Data

Information of our data is described in the Method section of the manuscript and the supplementary materials. All the data are also publicly available from https://github.com/jaydu1/VITAE/tree/master/data.

Code

Dependency

Our Python package is available on PyPI and the user can install the CPU version with the following command:

>> pip install pyvitae==2.0.1

For reproducing the results, please use version v2.0.1.

To enable GPU for TensorFlow, one should install CUDA dependencies and the tensorflow-gpu package. We also recommend using conda, miniconda, or virtualenv to manage the Python environment and install the package in a new environment.

One can also install all dependencies by hand and use the source code in the GitHub repo.

package	version
Python	>=3.7.0
tensorflow	>=2.3.0
tensorflow-probability	>=0.11.0
pandas	>=1.1.5
jupyter	>=1.0.0
umap-learn	>=0.4.6
matplotlib	>=3.3.3
numba	>=0.52.0
seaborn	>=0.11.0
scikit-learn	>=0.23.2
scikit-misc	>=0.1.3
statsmodels	>= 0.12.1
louvain	>=0.7.0
networkx	>=2.5
scanpy	>=1.8.2

For reproducing the results in the manuscript, the following versions of the R language and packages are needed:

package	version
R	>=4.0.2
Seurat	>=3.2.2
slingshot	>=1.9.1
dyno	>=0.1.2
dplyr	>=1.0.2
tidyverse	>=1.3.0
purrr	>=0.3.4
AnnotationHub	>=2.20.2
Matrix	>=1.2-18
data.table	>=1.13.2
sandwich	>=3.0-0
lmtest	>=0.9-38
ggplot2	>=3.3.2
ggpubr	>=0.4.0
cowplot	>=1.1.0
hdf5r	>=1.3.3

Benchmarking with Real and Synthetic Datasets

The folder Benchmarking with Real and Synthetic Datasets contains code to reproduce results in Section 5 of the manuscript.

run_other_methods.R: Run PAGA, monocle 3, and slingshot on all datasets. To run the new version of PAGA and monocle 3, one would need to create TI methods from docker with dyno (see https://dynverse.org/developers/creating-ti-method/create_ti_method_container/).

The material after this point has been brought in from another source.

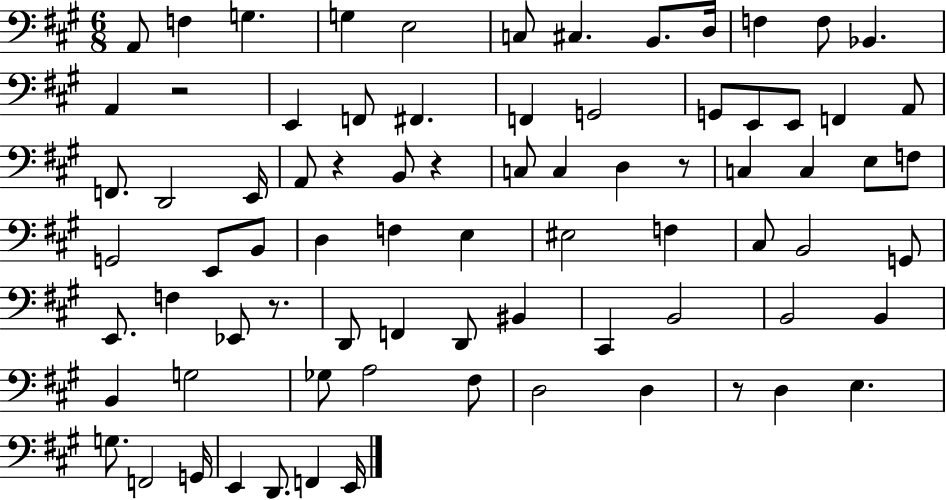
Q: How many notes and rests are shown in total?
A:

The source code for them is in the folder ti_methods.
evaluate_other_methods.py: Evaluate the trajectory inference results from other methods.
run_and_evaluate_VITAE_Gaussian.py: Run VITAE using Gaussian likelihood with different random seeds and record the evaluation result.
run_and_evaluate_VITAE_NB.py: Run VITAE using Negative Binomial likelihood with different random seeds and record the evaluation result.

The intermediate results of the above scripts are in the sub-folder result. Then, the figures can be plotted with the following Jupyter notebook:

plot_benchmark.py: Reproduce Figure 2 in the manuscript.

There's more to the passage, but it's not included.